## [Task requirements]
Your copy should match the records exactly, apart from the pictures, which stay out.

## [Information given]
* * * * *
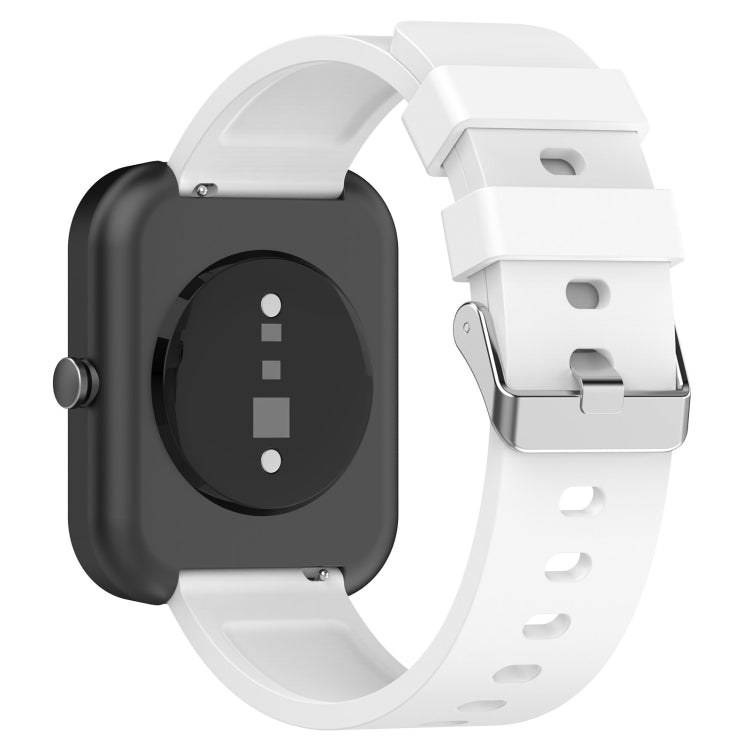 For OnePlus Nord Steps Style Silicone Watch Band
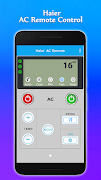 Haier AC Remote Control स्क्रीनशॉट 5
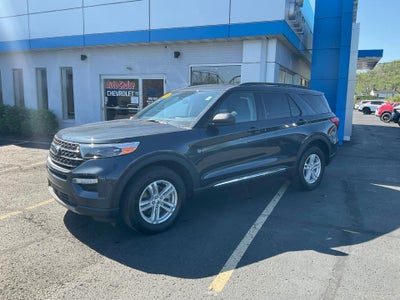 2024 Ford Explorer XLT 4WD
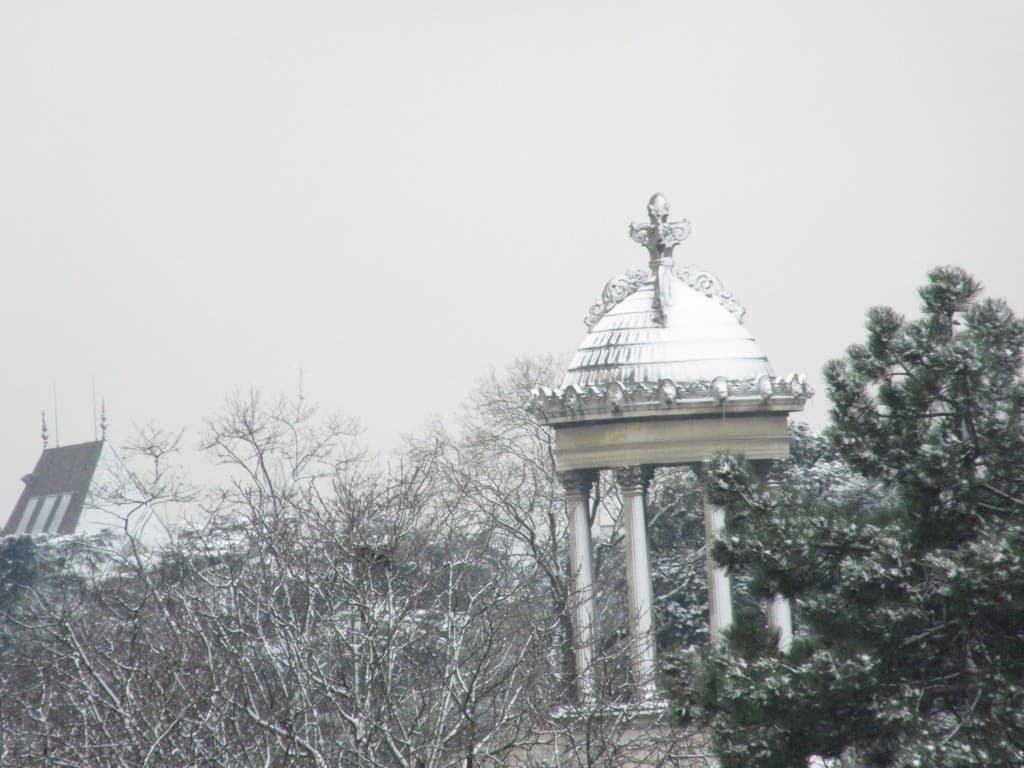 temple de Sibylle cet après midi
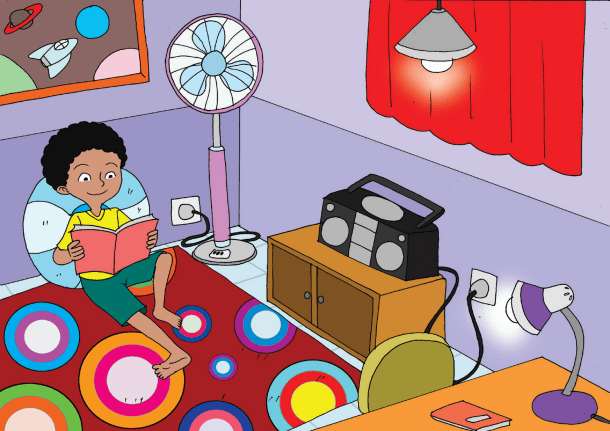 Apa manfaat listrik untuk edo? Listrik Membuat Hidup Lebih Nyaman, Tema 3, Subtema 1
* * * * *
## [Output below]
 For OnePlus Nord Steps Style Silicone Watch Band
 Haier AC Remote Control स्क्रीनशॉट 5
 2024 Ford Explorer XLT 4WD
 temple de Sibylle cet après midi
 Apa manfaat listrik untuk edo? Listrik Membuat Hidup Lebih Nyaman, Tema 3, Subtema 1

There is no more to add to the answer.